# Federgabel bei 24 Zoll-Bike?



## roidrage79 (28. November 2017)

Hallo zusammen,

ich bin aktuell auf der Suche nach einem neuen Bike für meine Große.
Dass es ein MTB wird ist klar. Die Frage ist jetzt, ob mit Federgabel oder mit Starrgabel.

Macht eine Federgabel bei einem 24 Zoll Bike überhaupt Sinn. Sind die Gabeln so gut abgestimmt dass sie nicht dauernd wippen oder gar nicht auslösen. Das Mehrgewicht ist ja nicht ohne.

Wie sind Eure Erfahrungen?

Das vorwiegende Einsatzgebiet werden Wald und Forstwege sein. Der Trailanteil wird sich in Grenzen halten.

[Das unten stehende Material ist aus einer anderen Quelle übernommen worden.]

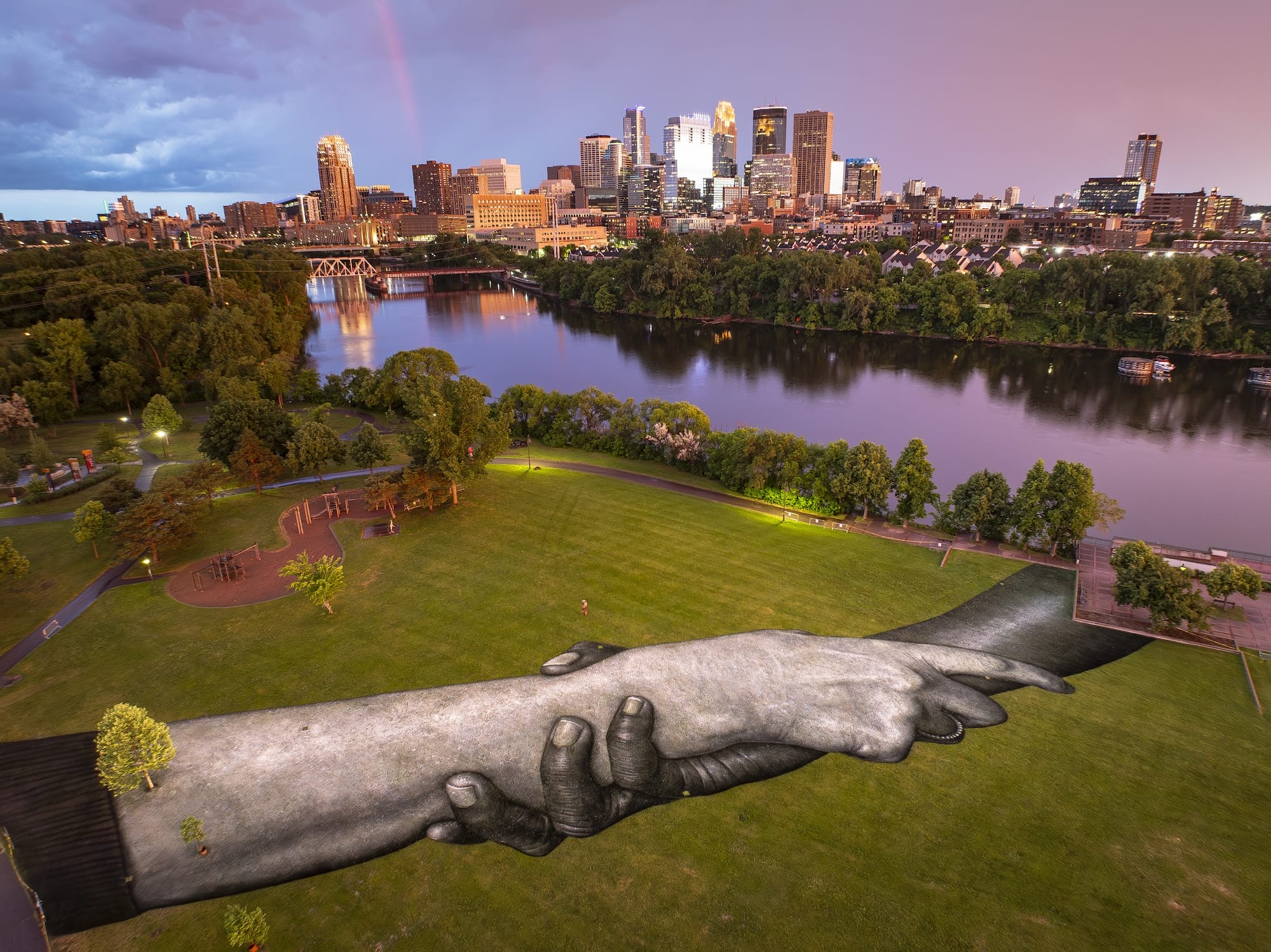 Luchtfoto van een gigantische muurschildering van in elkaar grijpende handen op een grasveld in Minneapolis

Aktuell habe ich das Orbea MX24 Team im Fokus.

danke
matthias


----------



## MrHyde (28. November 2017)

roidrage79 schrieb:


> Das vorwiegende Einsatzgebiet werden Wald und Forstwege sein. Der Trailanteil wird sich in Grenzen halten.

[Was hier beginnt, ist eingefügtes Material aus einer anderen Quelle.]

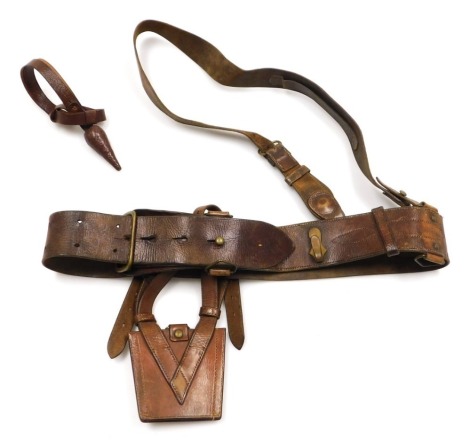 A WWI period British Army Sam Browne leather belt, with shoulder strap and sword frog.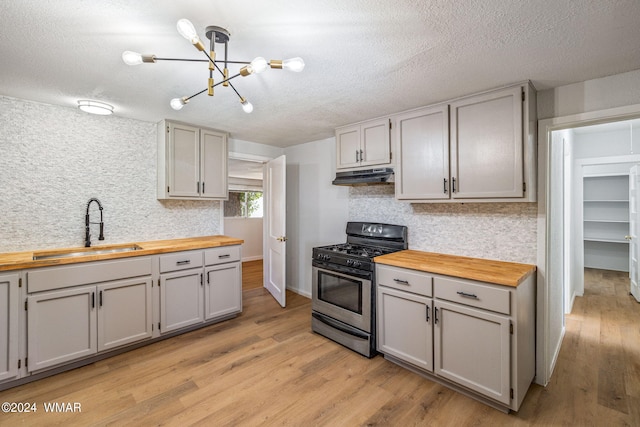 kitchen featuring wood counters, a sink, gas range, and under cabinet range hood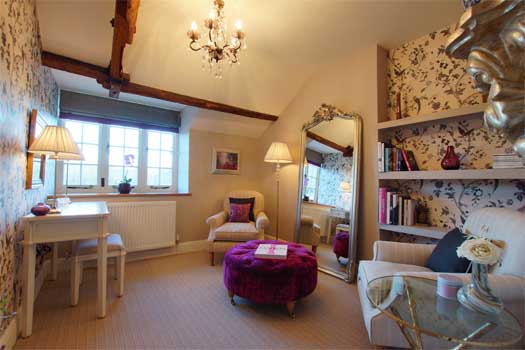 Elegant dressing room adjoining the main bedroom at The Cottage
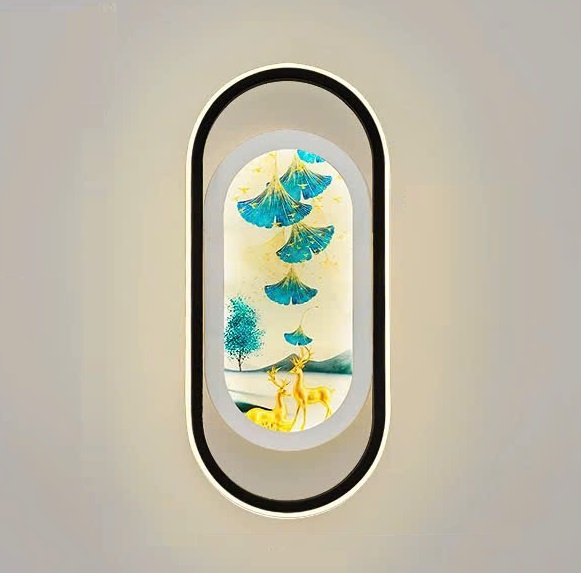 Đèn tường trang trí gây ấn tượng ngay từ ánh nhìn đầu tiên với thiết kế khung oval bo tròn mềm mại. Bao bọc bên trong là bức tranh nghệ thuật đầy ý nghĩa với hình ảnh chú hươu và cây cối. Biểu tượng cho sự thịnh vượng, bình an và phát triển. Hệ thống ánh sáng LED hiện đại được lồng ghép khéo léo, tạo hiệu ứng chiếu sáng dịu nhẹ. Vừa mang đến cảm giác ấm áp vừa tôn lên vẻ đẹp của bức tranh bên trong.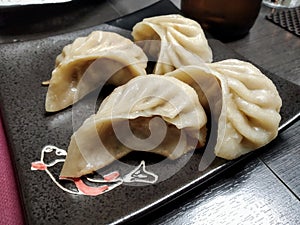 Chinense dumplings or Jiaozi at asian restaurant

Meine Meinung: Gewicht sparen und auf Federgabel verzichten. 2kg Wenigergewicht haben beim meinem Kleinen den Unterschied gemacht zwischen Lust und Frust.
Wenn es sein muss, kommen - außer getravelten Eigenbauten aus Rock Show Sids - in Frage m.W. nur Luftgabeln, also die RST F1rst Air 24" (die habe ich, aber derzeit nicht im Einsatz), und die Spinner Grind Air 24" - letztere gibts aber nur für Disc.


----------



## MTB-News.de




----------



## KIV (28. November 2017)

Bei uns war die starre Gabel auch kein Problem, Einsatzbereich wie oben.
Dicke Reifen (2.0-2.1) stecken auch was weg und ohne Federung ist mE der Lerneffekt besser. Bei Sprüngen ist ne saubere Landung dann schon wichtiger...


----------



## bernd e (28. November 2017)

Habe ein gebrauchtes Pepper-Bike 24" für meine große gekauft. Da war eine RST First verbaut. Diese kommt auch sehr gut mit den geringen Gewichten der Kids zurecht. Bin überrascht wie gut die Gabel geht. Das 24" Pepper wiegt etwa 1 kg mehr als das 20" Pepper mit Starrgabel. 
Dafür das der Rahmen und Räder größer sind ist das Mehrgewicht vertretbar.


----------



## Bens_Papa (28. November 2017)

Kenda SlantSix 24x2.6 federt auch gut, wenn er denn reinpasst  
Zusatzgewicht allerdings (auchewegen dr entsprechenden Schläuche)ggü. RocketRon insgesamt stramme 750g:


----------



## roidrage79 (28. November 2017)

Lieber @Bens_Papa ,
ich würde mich sehr freuen, wenn du deine Werbung aus meinem Thread heraushalten würdest.

Danke.


----------



## Bens_Papa (28. November 2017)

Es geht hier nicht um Werbung, sondern um eine Alternative zur Federgabel in Form von fetten Reifen. Und damit man weiß, wie das aussieht, habe ich mir erlaubt, ein Bild einzustellen. Wo ist Dein Problem?


----------



## KIV (28. November 2017)

roidrage79 schrieb:


> Lieber @Bens_Papa ,
> ich würde mich sehr freuen, wenn du deine Werbung aus meinem Thread heraushalten würdest.
> 
> Danke.


Geht's noch, wo ist denn da Werbung...? Und Besitzansprüche am "eigenen Thread" finde ich auch total bescheuert.


----------



## Ghosters (28. November 2017)

roidrage79 schrieb:


> Lieber @Bens_Papa ,
> ich würde mich sehr freuen, wenn du deine Werbung aus meinem Thread heraushalten würdest.
> 
> Danke.


----------



## giant_r (28. November 2017)

wer robin und seine beitraege kennt, weiss das er das nicht wegen werbung macht.
und mit den dicken reifen haben er und die anderen recht.


----------



## kc85 (28. November 2017)

Um mal zum Thema zurückzukommen: Auch wir sind zufriedene Starrgabel-Nutzer (am 24er und auch am 26er). Kombiniert an beiden Rädern auch noch mit relativ schmalen 1.9er Reifen. Der Gewichtsvorteil überwiegt bei uns klar jeglichen möglichen Nutzen einer Federgabel.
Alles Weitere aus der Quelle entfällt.